Past editions of the newsletter are at the following address: http://www.darkage.fsnet.co.uk/Newsletter.htm I welcome all comments, suggestions and contributions, especially the latter. Please forward this newsletter to anyone you think might be interested. Marc Widdowson
2. THE CATHOLIC CHURCH AND THE ROMAN EMPIRE
The tendency for later Roman citizens to turn away from their own culture was nowhere more evident than in the rise of Christianity. This was a religion imported from the land of the Jews, which gained its converts among slaves and foreigners. It was most un-Roman, and this very fact made it desirable to Romans of all classes. The enthusiasm for Christianity was part of a broader drive for self-realisation. Rome's traditional religion was an essentially civic matter, in which public officials officiated at ceremonies involving the whole community. By becoming Christians, people were making a personal choice and expressing their separation from the mainstream. Christians lived in Roman society, but their loyalties lay elsewhere. In his book 'City of God', Saint Augustine of Hippo wrote "Please pardon us if our country, up above, has to cause trouble to yours."
In fact, Christianity was just one of many alternative belief systems that were then spreading through the Roman Empire to divisive effect. These included Gnosticism, Stoicism, Neo-Platonism, Mithraism, Hindu mysticism, Isis worship and the cults of the Manichaeans and Neo-Pythagoreans. Many of these were further fragmented into numerous sects, often at each other's throats. There was also renewed interest in magic, and the wearing of amulets, for example, became widespread. Rome's social fabric was being torn apart. It was hardly surprising that the imperial state tried to fight back by banning these corrosive influences and prosecuting their adherents.
During Nero's persecutions of the first century, Christians were famously thrown to the lions-a standard method of executing criminals, which is what Christians were considered to be. In the second century, while Christianity remained banned, there was a new atmosphere of toleration. When the emperor Trajan was asked by one of his provincial governors whether he should prosecute Christians whose names were being submitted to him in anonymous letters, the emperor replied, "That is not how we do things in this day and age." Under less enlightened authorities, the Christians could still be regarded as scapegoats for the empire's troubles. At Lyons in the 170s, Christians were publicly tortured and, according to Bishop Eusebius (c. 300), finished off with "the iron chair, which roasted their flesh and suffocated them with the reek." Yet Christianity thrived on such treatment. It proved futile banning people from expressing their religion, not least because Christians actively sought to become martyrs, since they thought it would speed them to eternal life.
At the beginning of the fourth century, the reforming emperor Diocletian instituted a new wave of persecutions as part of a general campaign to revive the empire. The third century had been a time of crisis all round. Under the weight of the dole and a groaning bureaucracy, taxes had reached almost unbearable levels. Government salaries had been cut back, and civil servants now eked out their pay with bribes.
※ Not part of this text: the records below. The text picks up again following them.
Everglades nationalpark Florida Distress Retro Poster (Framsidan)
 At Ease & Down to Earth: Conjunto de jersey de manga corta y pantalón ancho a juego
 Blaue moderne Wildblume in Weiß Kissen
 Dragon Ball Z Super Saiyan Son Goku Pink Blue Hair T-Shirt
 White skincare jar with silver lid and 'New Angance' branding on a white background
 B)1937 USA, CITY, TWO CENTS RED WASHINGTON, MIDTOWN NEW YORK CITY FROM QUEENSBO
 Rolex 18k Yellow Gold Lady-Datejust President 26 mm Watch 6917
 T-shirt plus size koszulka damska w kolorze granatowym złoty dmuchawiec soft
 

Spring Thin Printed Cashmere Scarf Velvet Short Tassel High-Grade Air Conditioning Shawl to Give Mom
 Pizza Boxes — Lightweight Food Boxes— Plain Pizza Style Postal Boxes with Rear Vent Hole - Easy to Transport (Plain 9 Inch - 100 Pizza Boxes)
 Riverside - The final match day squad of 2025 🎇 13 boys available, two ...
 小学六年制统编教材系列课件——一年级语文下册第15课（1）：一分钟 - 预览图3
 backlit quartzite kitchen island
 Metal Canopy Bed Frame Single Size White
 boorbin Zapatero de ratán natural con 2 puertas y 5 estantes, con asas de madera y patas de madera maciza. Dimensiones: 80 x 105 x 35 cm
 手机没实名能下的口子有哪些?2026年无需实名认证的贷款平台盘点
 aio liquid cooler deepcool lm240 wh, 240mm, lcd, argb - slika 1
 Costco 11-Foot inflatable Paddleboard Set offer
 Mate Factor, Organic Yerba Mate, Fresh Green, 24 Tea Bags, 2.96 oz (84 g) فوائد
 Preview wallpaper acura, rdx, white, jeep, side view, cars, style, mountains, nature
While the police seemed to be losing the battle with criminals, new laws poured out of the imperial court. Despite ever more severe penalties, such as chopping off the hands of thieves, this legislation had little effect (although much of it would later be adopted in the Islamic world). All along its over-stretched frontier, the empire was harassed by raiders and pirates, and it was drawn into a chronic series of small wars. In some provinces, fed up with over-taxation, insecurity, corruption and crime, so-called 'bacaudae' threw out the Roman officials and set up independent communes.
By all logic, the Roman Empire should already have collapsed under the burden of its third century problems. Yet Diocletian's reforms, which included dividing the empire between four rulers, seemed to pull it back from the brink. Nevertheless, he did not succeed in suppressing the Christians, and thirty years later, Constantine the Great made an even more radical move. Instead of trying to stamp out Christianity, he declared it to be the empire's official religion. It was now the pagans who found themselves hounded and out of kilter with the times. The Altar of Victory, which Julius Caesar had installed in the Senate as a symbol of Roman supremacy and on which senators used to swear an oath to uphold the empire, was removed as idolatrous. Q Aurelius Symmachus, a senator and pagan, pleaded for the altar to be returned, saying that while he had no wish to offend the Christians who now dominated the government, surely this one tradition could be preserved. His request was denied.
In Alexandria the local bishop railed against the famous library, the ancient world's premier storehouse of human knowledge. His complaint was that the texts were almost exclusively of pagan origin. In AD 391, a mob of Christian extremists smashed their way into the library, destroying statues and mosaics, and setting fire to the shelves full of scrolls. The Christians were eventually dispersed and part of the library's collection was rescued. In 415, another Christian mob attacked Hypatia, the professor of philosophy, stripped her naked, stabbed her to death, and burned her body in the street.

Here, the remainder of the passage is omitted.